Consider a system of n random variables denoted by Xn = (X1, … ,Xn). The TC, DTC, O-information (O), and S-information (S) are generalizations of the mutual information (MI) 35, which can be respectively expressed as:
$$TC\left({X}^{n}\right) = {\sum }_{i=1}^{n}H\left({X}_{i }\right) -H({X}_{1}, . . . ,{X}_{n})$$
1
$$DTC\left({X}^{n}\right) = H({X}_{1}, . . . ,{X}_{n}) -{\sum }_{i=1}^{n}H\left({X}_{i }\right|{{ X}^{n}}_{-i} )$$
2
$$O\left({X}^{n}\right) =TC\left({X}^{n}\right)-DTC\left({X}^{n}\right)$$
3
$$S\left({X}^{n}\right) = TC({X}^{n}+DTC({X}^{n})$$
4
where \(H({X}_{1}, . . . ,{X}_{n})\)is the joint Shannon’s entropy of the n variables, \(H\left({X}_{i }\right)\) the entropy of the i-th region and \(H\left({X}_{i }\right|{{ X}^{n}}_{-i} )\) is the entropy of the i-th region conditioned by the activity of the whole system without it - which is known as “residual entropy,” and is denoted as \({R}_{i }\). Above, X− in represents the vector of all variables except Xi, i.e., (X1, …, Xi−1, Xi+1, …, Xn). Estimations were performed using the Gaussian copula approximation 25,43. As for n = 2 TC = DTC = mutual information, only the TC was computed for each possible pair of electrodes. For the high-order interactions (from 3 to 16) all metrics were computed for each possible combination of electrodes at each order of interaction (Fig. 1B and C).

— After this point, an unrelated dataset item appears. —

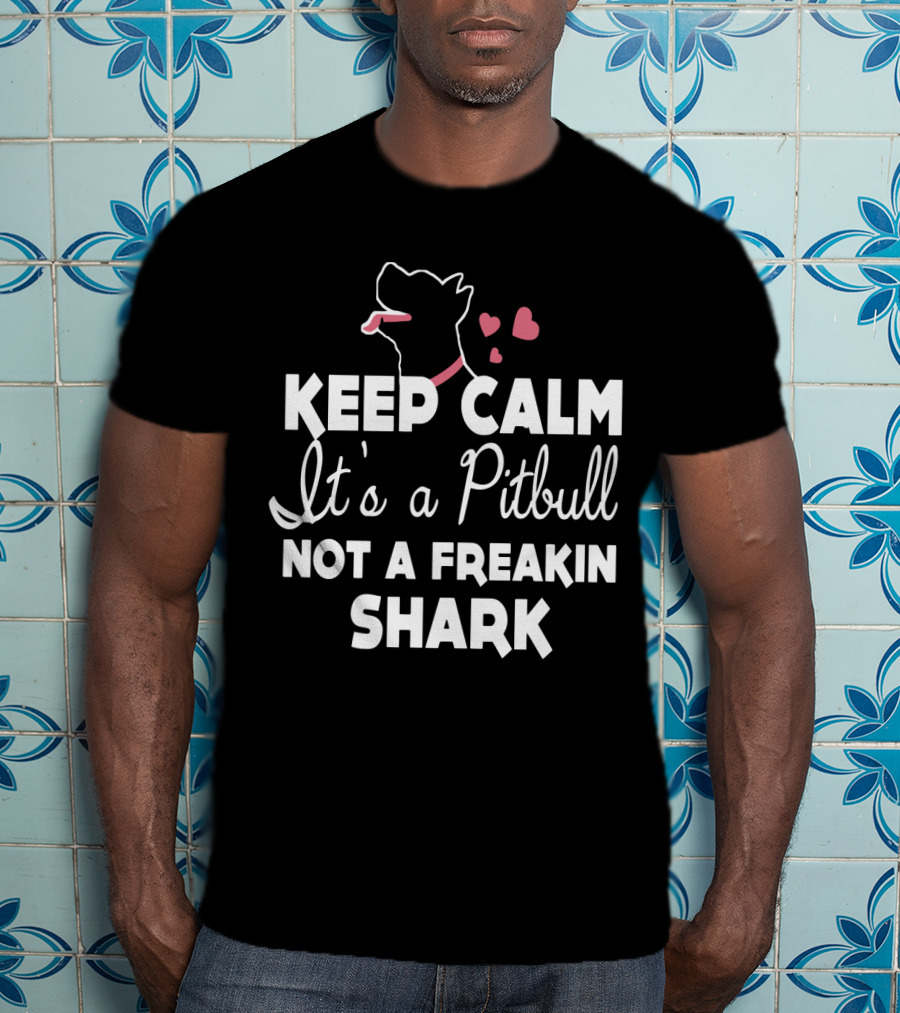Keep Calm It's A Pitbull Not A Freakin Shark Hearts T-Shirt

Broadband (0.5–40 Hz) and filtered EEG signals (δ: 0.5-4 Hz, θ: 4–8 Hz, α: 8–12 Hz, β: 12–30 Hz, γ: 30–40 Hz) were analyzed considering all the possible combinations of electrodes at each order of interaction, here denoted by k (120 interactions for k = 2, 560 for k = 3, 1.820 for k = 4, 4.368 for k = 5, 8.008 for k = 6, 11.440 for k = 7, 12.870 for k = 8, 11.440 for k = 9, 8.008 for k = 10, 4.368 for k = 11, 1.820 for k = 12, 560 for k = 13, 120 for k = 14, 16 for k = 15 and 1 for k = 16). An n-plet represents a particular combination of n electrodes, and the effect of ketamine on it was assessed via the effect sizes.
2.10 Effect sizes
To characterize the size of the effect associated with each measurement, we used Cohen’s \(d\) effect size for paired samples 44:
\(d = \frac{{\mu }_{ket }-{ \mu }_{sal} }{s}\) (5),
where \({ \mu }_{ket }\)and\({ \mu }_{sal }\) are the average measure of the ketamine and saline condition, respectively, and \(s\) is the standard deviation of the difference of means (i.e \({\mu }_{ket }-{ \mu }_{sal}\)). This metric measures a standardized mean difference between paired samples, and its sign indicates the direction of the effect, i.e. if d > 0 means that ketamine increases the measure.
2.11 Statistical analyses
For the selected features, a non-parametric Wilcoxon sign rank test for paired samples with the False Discovery Rate (FDR) correction for multiple comparisons was performed. As in previous work on HIOs 22–26, the statistical correction was not directly assessed for each HOI given the non-selective data approach, including all interactions 45. Conversely, we used Cohen's D to report the effect size of HOI 22,24,25 as p-values can be artificially inflated. To compute the association between HOI and subjective scores, the change (ketamine - saline) in HOI was (Pearson) correlated with the change in subjective scores, yielding one R2 per n-plet and subjective score. We evaluated the significance of associations by a permutation test followed by post-hoc FDR correction for multiple comparisons. First, we generated a null distribution of R2 values by randomly permuting the correspondence between HOI and subjective scores 1000 times. Only correlations values above the 99.9-th percentile of their respective null distribution were submitted to FDR correction (p < 0.005).